A Ferrovia Transnordestina faz falta à economia do Nordeste, principalmente aos setores que dependem de um transporte mais barato para aumentar a sua produtividade ou se expandir. Em média, o transporte ferroviário corresponde a 30% do preço do frete cobrado nas estradas.
O caso do polo gesseiro é emblemático. Os empresários acreditam que poderiam dobrar a produção, de cerca de 3 milhões para 6 milhões de toneladas de gesso e derivados por ano, caso a região do Araripe – a 680 km do Recife – tivesse uma alternativa mais em conta para escoar os produtos. A brita de gesso, por exemplo, custa em média R$ 25 a tonelada, enquanto o frete para São Paulo fica por R$ 170.
Metade do que se consome de frango e ovos no Nordeste é comprado de produtores de outras regiões. “Poderíamos nos autoabastecer se saíssemos da rodovia para a ferrovia. É o custo Brasil. Pagamos mais pela ineficiência da infraestrutura e isso nos impede de crescer”, resume Edival. O setor voltou a comprar milho da Argentina, que chega de navio a Pernambuco, porque sai mais barato do que trazer, de caminhão, das outras regiões do País.
Alguns empresários desconfiam que mesmo quando a Transnordestina sair do papel, não terá um preço atrativo para alguns setores. A desconfiança é provocada pelo fato de que 80% da carga da ferrovia seria o minério de ferro. A empresa que está implantando a ferrovia, a Transnordestina Logística S.A. (TLSA) pertence ao grupo da Companhia Siderúrgica Nacional (CSN), do empresário Benjamin Steinbruck. O minério de ferro é a principal matéria-prima da indústria siderúrgica. “Quem garante que o frete desse minério não terá um preço privilegiado?”, questiona um empresário do setor gesseiro que prefere não se identificar. Especialista em parcerias que envolvem o setor público e o privado, a diretora da Consultoria Guimarães Ferreira, Ana Luíza Ferreira, sugere que, “como a ferrovia é uma concessão, poderiam ser acordados dispositivos definindo como seria a oferta dos serviços.

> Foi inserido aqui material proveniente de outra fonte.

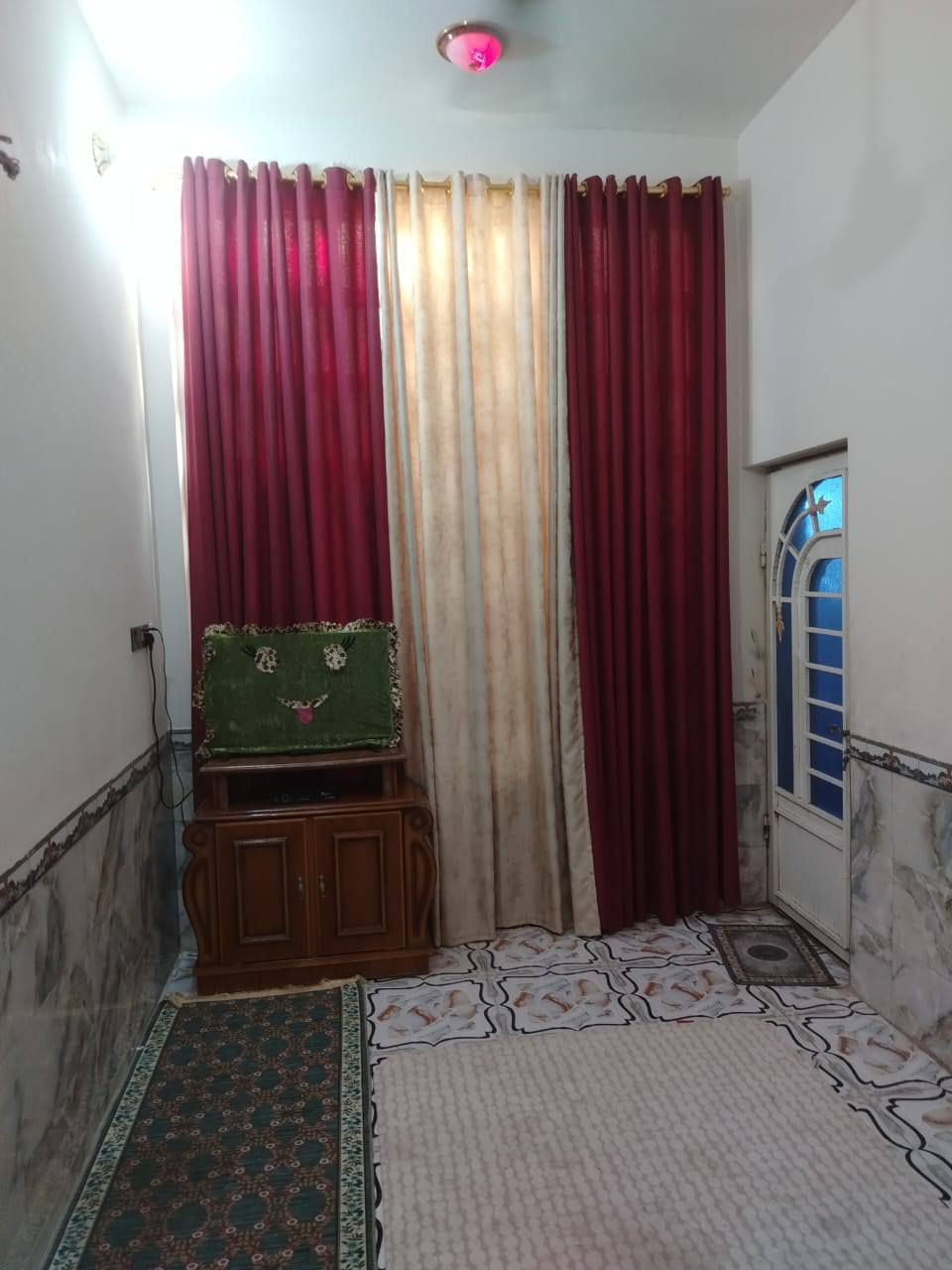 السلام عليكم 
بيت للبيع مطلوب مبادرة
وابيع عله المبادرة
طابو لمكان سوق الشيوخ
حي العسكري خلف مدرسة تونس
المساحة 200
البناء طابوق
يحتوي على غرف 2
واستقبال 
وصالتين
ومطبخ
ومجمعات صحية داخليه و خارجيه
ومناور 2

للاستفسار هذا رقمي
***********
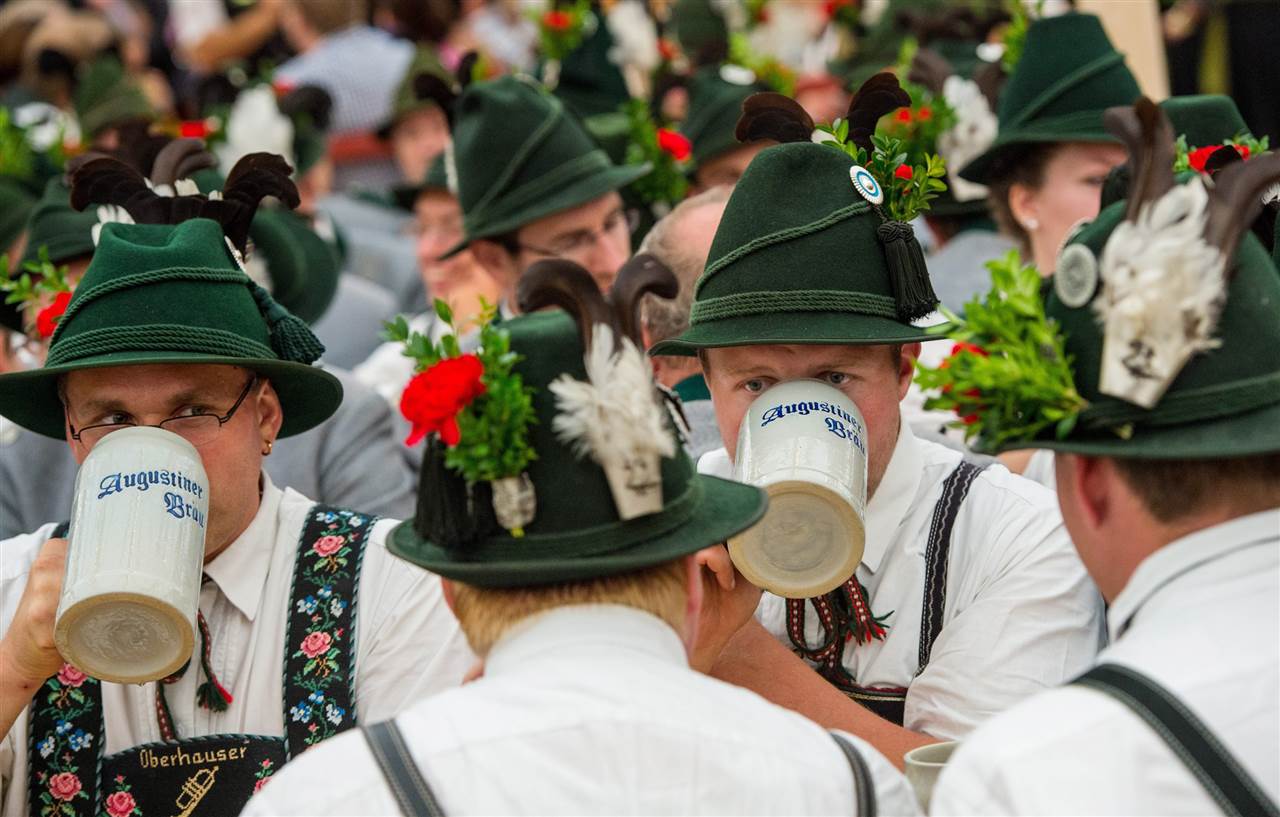 Октоберфест в германии ждет всех почитателей пенного веселья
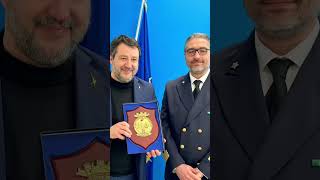 MATTEO SALVINI AD ORTONA IN VISITA ALLA GUARDIA COSTIERA [upl. by Ekusoyr]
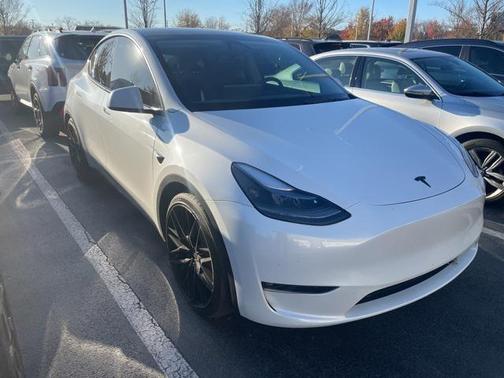 2024 Tesla Model Y Performance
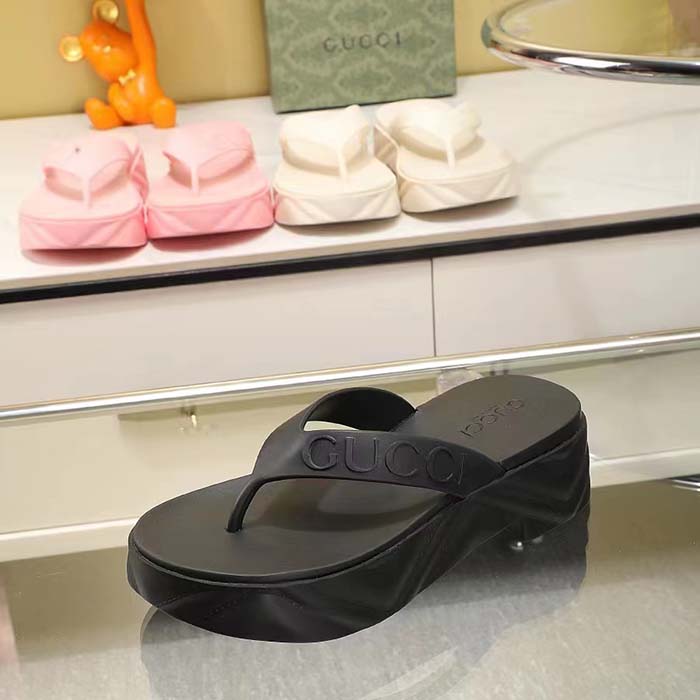 Gucci Women GG Thong Platform Slide Sandal Black Rubber Mid 5 CM Heel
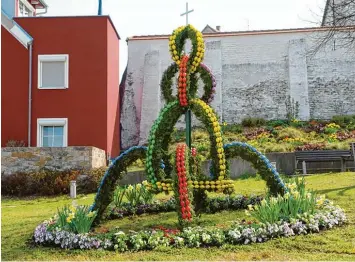  ?? Fotos: Ingeborg Anderson ?? Ein wahrer Hingucker in Wehringen ist die Osterkrone auf dem Platz unterhalb der Kirche.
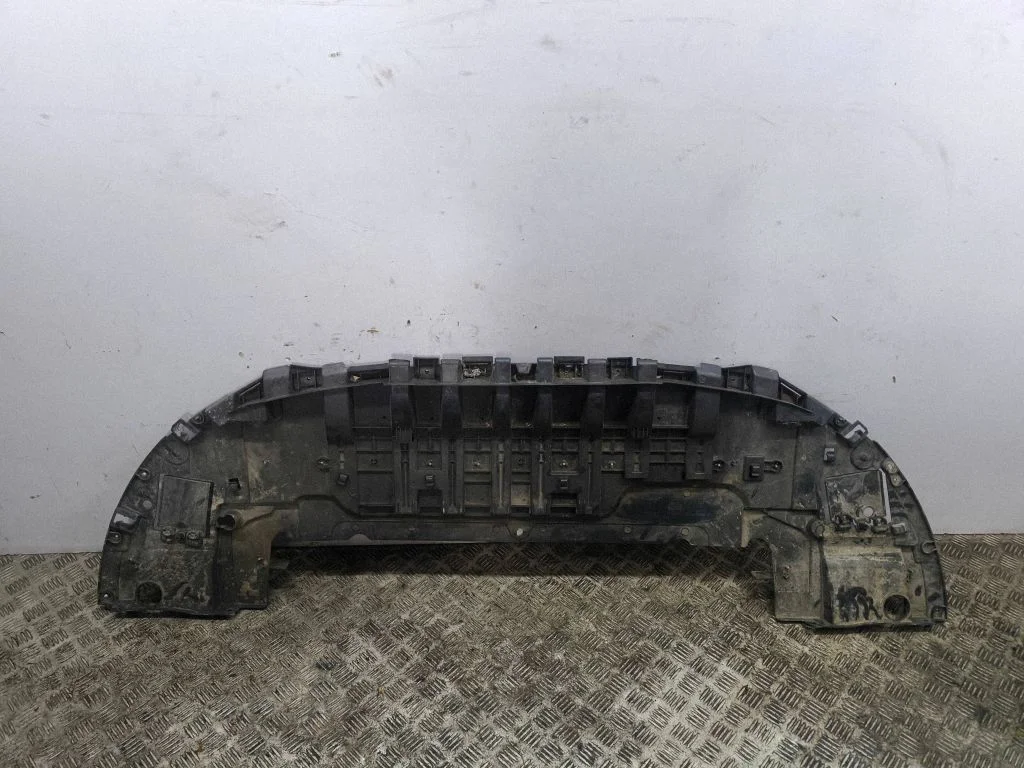 Front bumper skid plate/under tray 622355835R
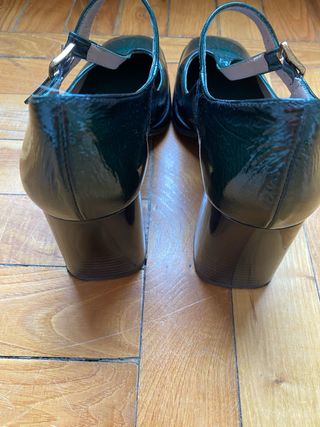 Zapatos Hispanitas charol verde talla 40. 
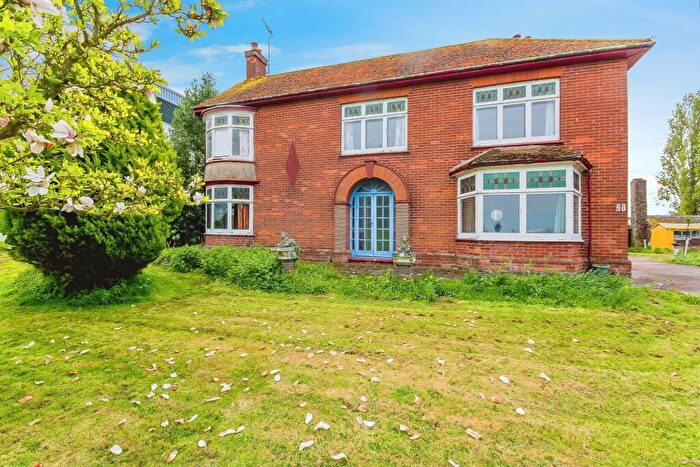 3 Bedroom Detached House For Sale In Bridge Road, Long Sutton, Spalding, PE12
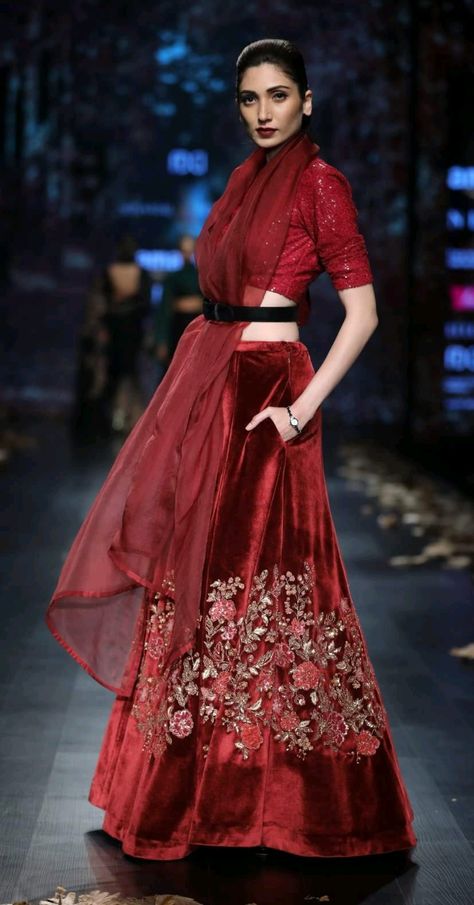 India Fashion Week Indian Couture, Shyamal And Bhumika Lehenga, Gown 2023, Gorgeous Lehengas, Indian Skirts, Couture 2023, Shyamal And Bhumika, Indian Skirt, Lehnga Dress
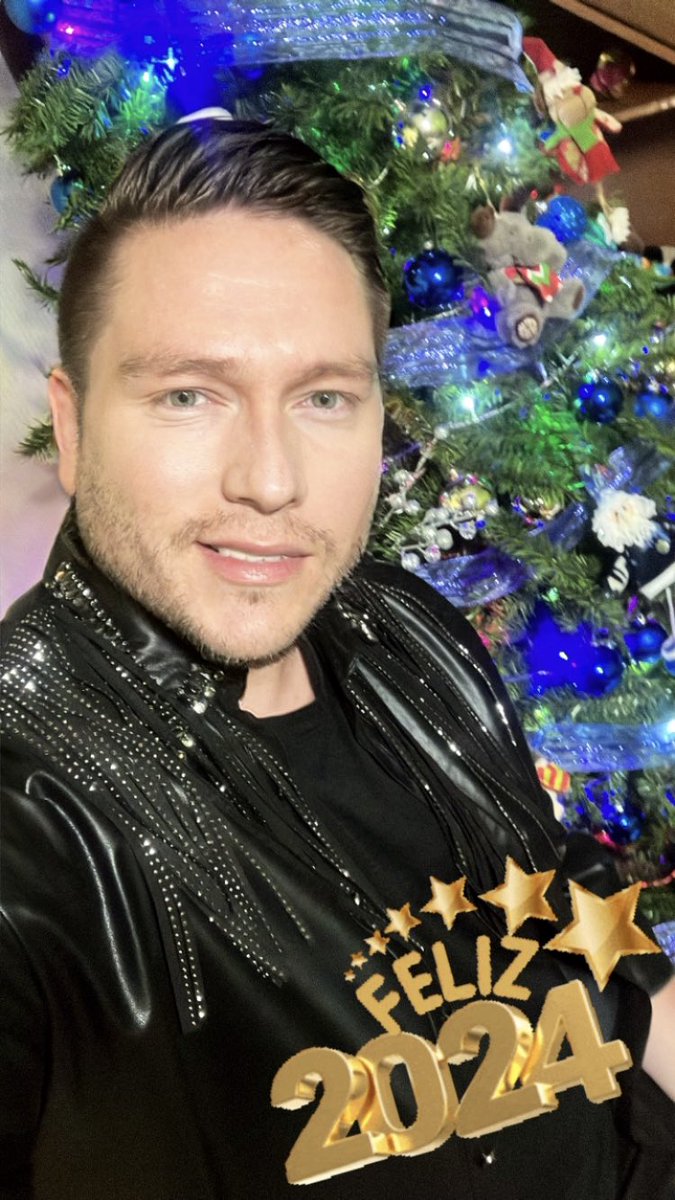 erksovi's tweet photo. ✨ HELLO 2️⃣0️⃣2️⃣4️⃣ ✨ https://t.co/kP8BKbSNUa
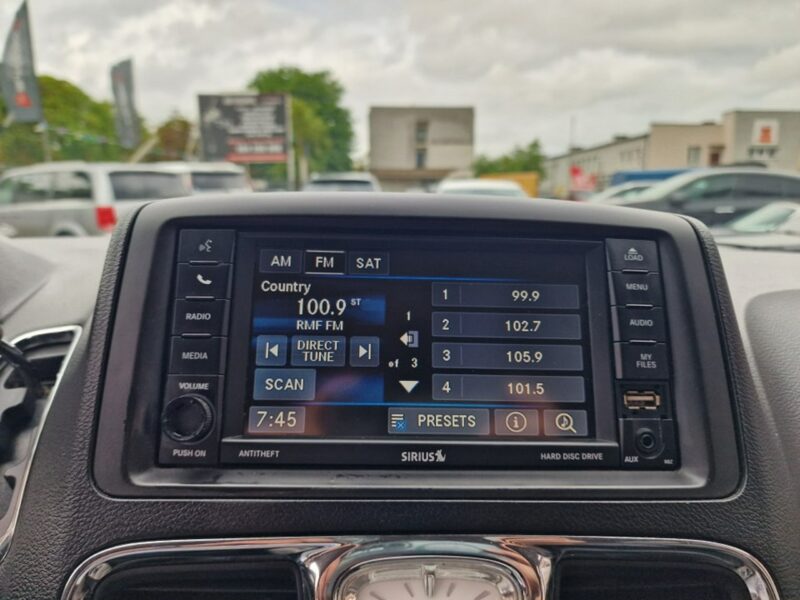 Chrysler Town & Country 3.6 Benzyna 286 KM, Automat, Kamera, Skóra, Bluetooth, EL Drzwi +Klapa V (2007-2016)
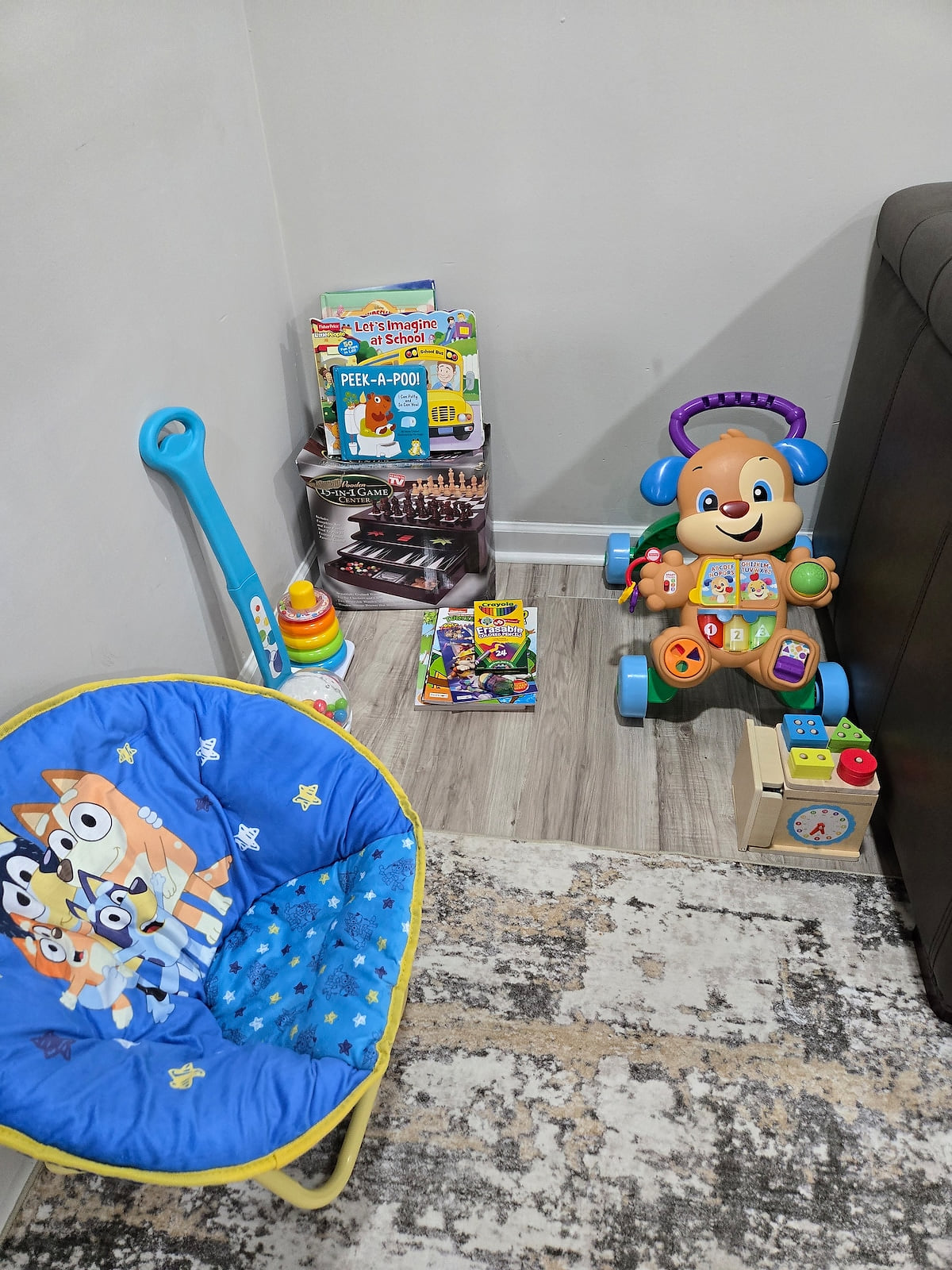 Traveling with little ones? Let us know in advance, and we’ll set up a cozy play area with toys, books, and baby gear to keep your toddler entertained while you relax. Thoughtful, kid-friendly touches make your stay stress-free and fun.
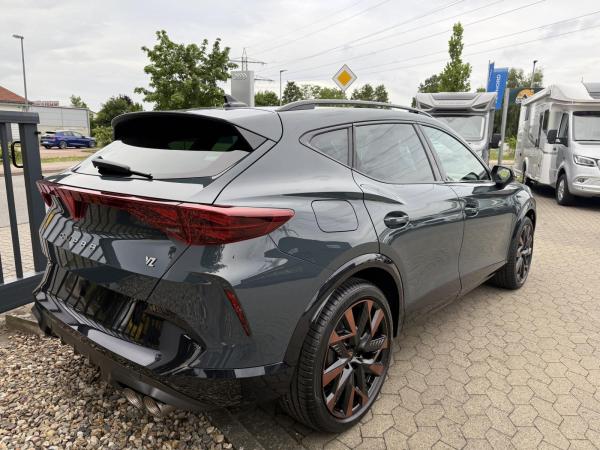 Cupra Formentor Extreme AHK Pano Akrapovic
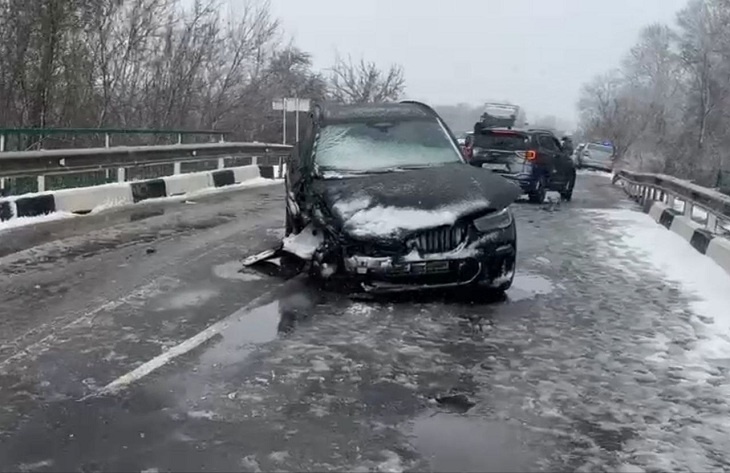 Под Волгоградом 4 ноября столкнулись Mersedec и BMW: один погиб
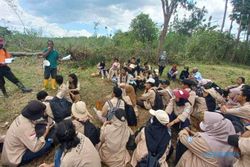 Perhutani Surakarta Bimbing 75 Mahasiswa UNS dalam Praktikum Pengelolaan Hutan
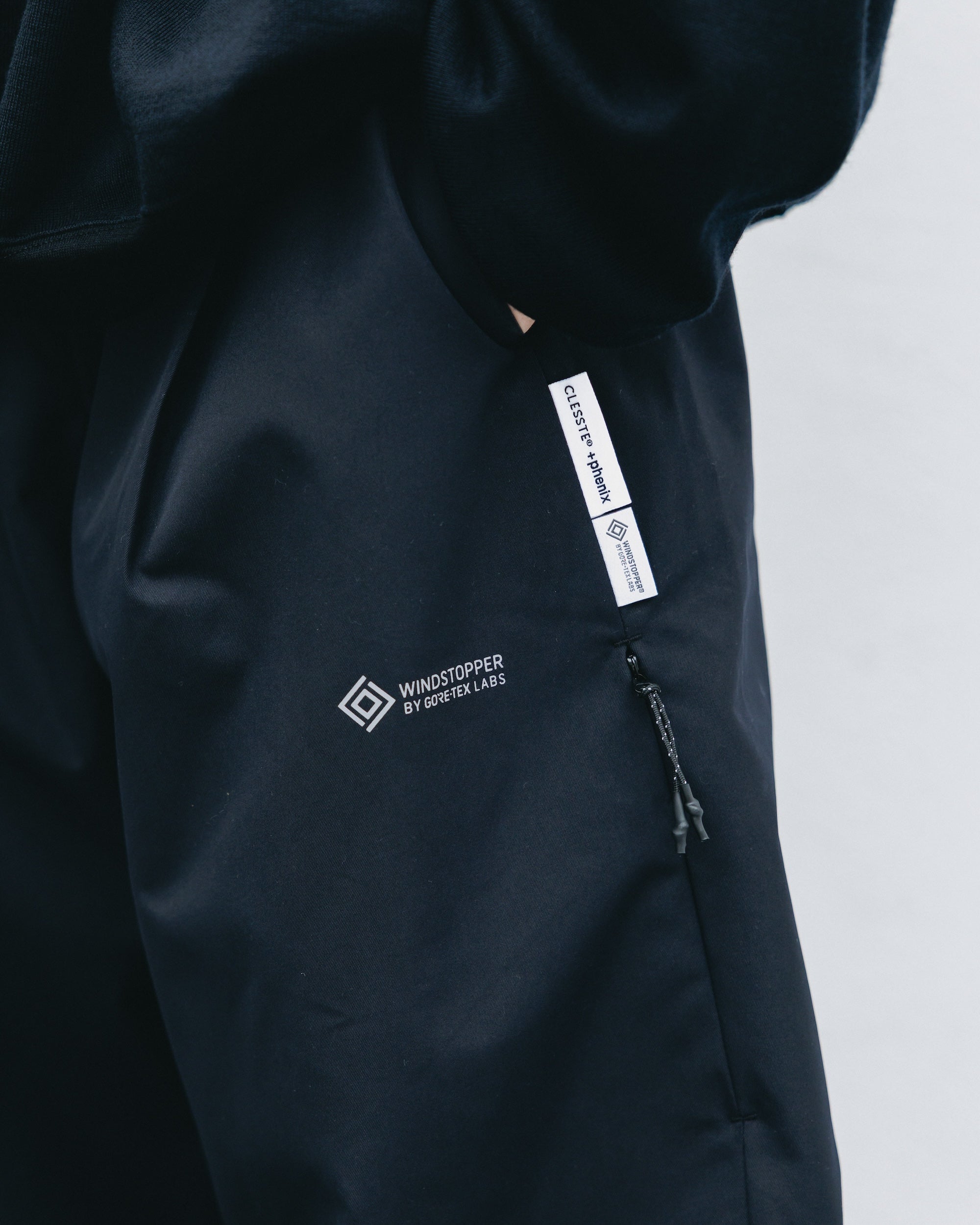 【10.29 WED 20:00- IN STOCK】+phenix WINDSTOPPER® by GORE-TEX LABS TWILL CITY BARREL LEG PANTS (BLACK)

Isso evitaria uma concentração vantajosa apenas para um setor”. Esse acordo teria que ser feito entre o governo federal (o dono da concessão), a concessionária (a TLSA) e os principais usuários do serviço.
O IMPACTO QUE CHEGA AO BOLSO
O consumidor nordestino paga até 50% a mais em custo de transporte do que o do Sul e Sudeste do País, porque aqui o produtor depende apenas das rodovias, segundo o coordenador do Núcleo de Infraestrutura, Supply Chain e Logística da Fundação Dom Cabral, Paulo Resende. Ele explica que um determinado produto vendido por R$ 100 tem uma despesa logística embutida de R$ 20 no Sudeste e no Sul, enquanto no Nordeste é de R$ 30. “A tendência é repassar esses R$ 10 a mais ao cliente final”, conta. Ele diz que a partir daí “ocorre uma lógica perversa” de repasse de custos que prejudica a todos. E resume: “Primeiro a indústria tenta repassar para o consumidor final ou para os seus fornecedores. E, por último, o setor industrial perde a capacidade de inovar e investir”, sofrendo uma concorrência “desleal” com os produtores das outras regiões, que dispõem de outros meios de transporte, além do rodoviário.
Resende argumenta que o frete rodoviário no Nordeste tende a ficar mais caro do que o das outras regiões por um motivo muito simples: a falta de concorrência. Para ele, mais do que obras, a região precisa de inteligência logística. “Deveria ser feita uma revisão do potencial logístico integrando três soluções: os portos, as ferrovias e rodovias. O governo central (a União) não tem tradição em tratar as regiões de forma integrada. E os governos dos Estados brigam uns com os outros. Isso não leva a lugar algum”, resume.
Mas o pior cenário, de acordo com Resende, é abandonar o que não chegou a funcionar. “Qualquer ruptura nesse projeto vai trazer um prejuízo grande ao Brasil inteiro. É chegada a hora de analisar estrategicamente se há a necessidade de um traçado diferente e concluir o que foi implantado”, comenta, referindo-se ao atual estágio da Ferrovia Transnordestina, na qual foram gastos R$ 6,2 bilhões. “O Nordeste não está sozinho nisso. Na questão ferroviária, o Brasil não se encontrou nem nas novas fronteiras do desenvolvimento, muito menos na interiorização da indústria.”